BEGIN RECORDS TO PROCESS

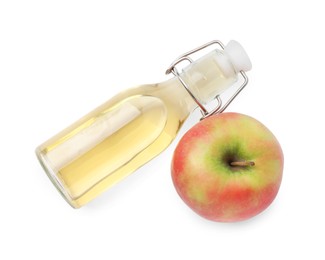 Apple vinegar in bottle and fruit isolated on white, top view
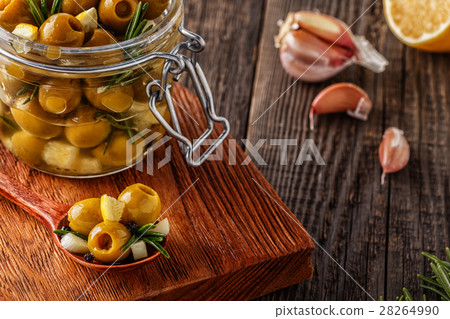 Fresh olives with rosemary, garlic, lemon. 28264990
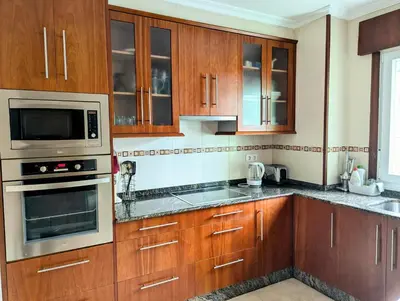 a kitchen with wooden cabinets and stainless steel appliances at Foz Beach Home in Foz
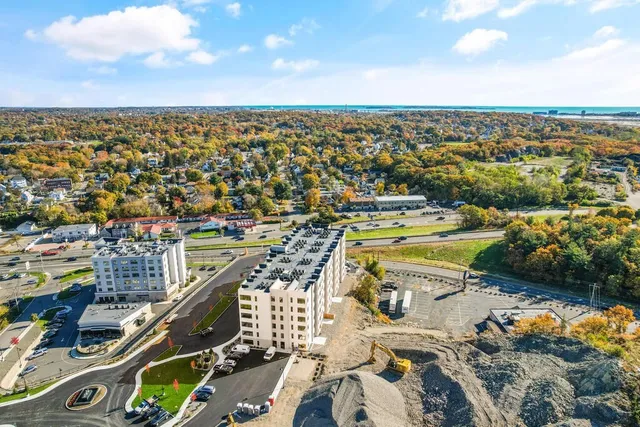 a view of a city with tall buildings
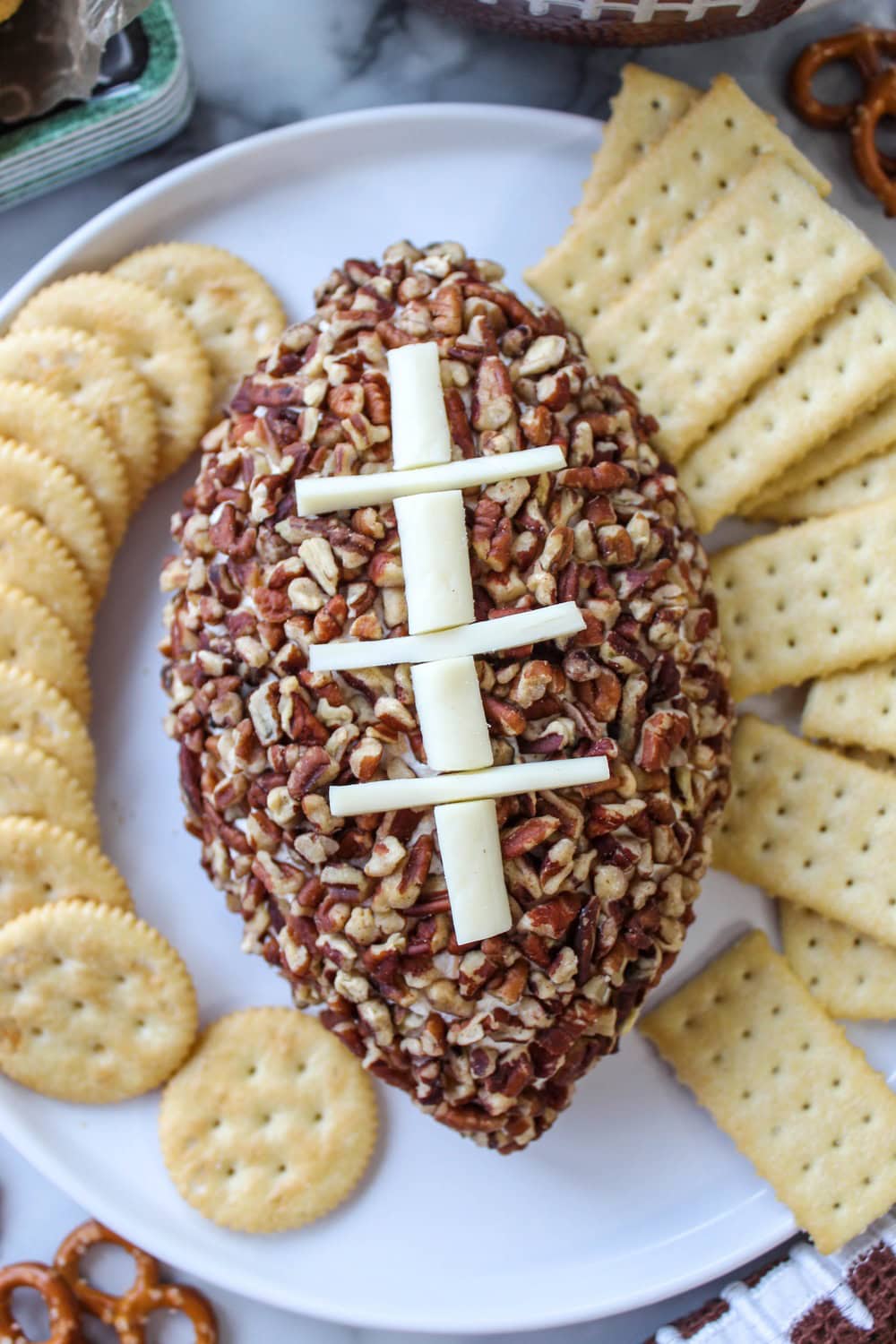 A football-shaped cheeseball coated with nuts and decorated with white cheese laces, served on a platter with crackers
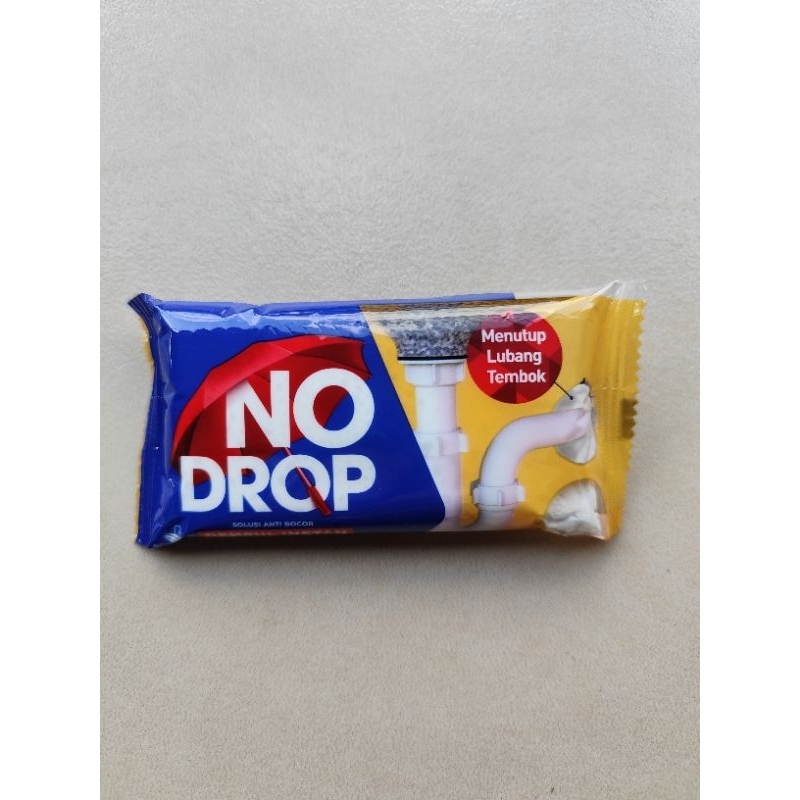 Dempul Instant Nodrop Menutup Lubang Tembok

END RECORDS TO PROCESS

**YOUR INSTRUCTIONS**: Retype each record exactly as it stands, but do not include the pictures.

**EXPECTED ANSWER**:
 Apple vinegar in bottle and fruit isolated on white, top view
 Fresh olives with rosemary, garlic, lemon. 28264990
 a kitchen with wooden cabinets and stainless steel appliances at Foz Beach Home in Foz
 a view of a city with tall buildings
 A football-shaped cheeseball coated with nuts and decorated with white cheese laces, served on a platter with crackers
 Dempul Instant Nodrop Menutup Lubang Tembok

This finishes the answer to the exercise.